Although off-the-shelf tools existed for the manufacturing industry, there was nothing targeted specifically at the services sector that could offer the ERP-style breadth of requirements the company needed, so BT looked for a partner to develop a bespoke toolset.

FOS was a fusion of BT and Infosys expertise. BT provided its core optimization (iOpt), demand and forecasting engines (iForecast) to the party, while Infosys introduced its J2EE Enterprise Application Framework Infosys RADIEN.

By summer 2006, after an eight month staged roll-out, all 28,000 field engineers were using FOS.

Allocation of resources and performance has improved greatly under the new system. Each of BT’s 10 regional centers is broken down into groups of engineers working locally. Pre-FOS, those regions and groups each employed different techniques to schedule work and measure performance, and relied heavily on the expertise of individual resource managers.

It was a combination of guesswork, bespoke systems and spreadsheets, so if the CEO wanted visibility of performance people came up with their own ways of measuring it, said Owusu.

FOS has standardized performance measurement across the regions and gives BT a clear picture of the skills of engineers and how successfully jobs are completed.

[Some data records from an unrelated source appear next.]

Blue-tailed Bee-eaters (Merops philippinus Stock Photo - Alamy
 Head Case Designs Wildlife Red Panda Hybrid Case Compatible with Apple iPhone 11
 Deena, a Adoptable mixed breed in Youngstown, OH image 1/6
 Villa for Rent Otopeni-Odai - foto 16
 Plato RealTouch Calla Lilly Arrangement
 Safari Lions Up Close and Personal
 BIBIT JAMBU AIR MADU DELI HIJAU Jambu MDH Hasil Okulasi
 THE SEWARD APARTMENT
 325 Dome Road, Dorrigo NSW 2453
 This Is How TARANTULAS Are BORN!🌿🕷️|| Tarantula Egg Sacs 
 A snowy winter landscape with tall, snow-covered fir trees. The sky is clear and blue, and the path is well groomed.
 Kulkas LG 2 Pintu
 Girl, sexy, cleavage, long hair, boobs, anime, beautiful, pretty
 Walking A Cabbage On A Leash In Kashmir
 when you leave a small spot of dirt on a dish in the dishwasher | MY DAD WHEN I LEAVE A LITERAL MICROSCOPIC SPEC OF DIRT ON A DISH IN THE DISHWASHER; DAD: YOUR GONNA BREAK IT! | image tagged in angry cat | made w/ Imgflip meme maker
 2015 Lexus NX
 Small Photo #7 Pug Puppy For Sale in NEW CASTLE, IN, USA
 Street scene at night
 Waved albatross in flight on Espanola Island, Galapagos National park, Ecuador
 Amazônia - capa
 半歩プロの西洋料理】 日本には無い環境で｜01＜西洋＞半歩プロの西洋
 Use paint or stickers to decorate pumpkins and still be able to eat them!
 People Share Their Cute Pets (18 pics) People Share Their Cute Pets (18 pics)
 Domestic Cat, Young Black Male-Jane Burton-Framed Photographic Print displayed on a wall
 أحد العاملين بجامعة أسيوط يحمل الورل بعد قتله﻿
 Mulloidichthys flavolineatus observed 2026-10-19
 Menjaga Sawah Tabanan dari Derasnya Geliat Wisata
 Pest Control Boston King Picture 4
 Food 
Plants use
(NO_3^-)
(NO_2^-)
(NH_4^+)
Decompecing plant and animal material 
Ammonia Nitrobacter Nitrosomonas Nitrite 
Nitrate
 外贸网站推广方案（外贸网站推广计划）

Advanced mathematical algorithms predict where engineers are needed and identify if overtime or extra staff should be drafted in to cope with demand fluctuations. It means that BT can adapt far faster to market changes.

Out in the field, engineers use their laptops or handhelds to access information on the web-based system and make sure they start the next day in the best location to carry out all their daily visits. They can also use FOS to change shifts with other engineers or arrange cover, so that the customer service does not suffer.

From a resource manager’s perspective, FOS can be used to book or cancel team meetings. It also makes it far easier for them to collaborate with different regions, reallocating field engineers to other areas. as demand requires.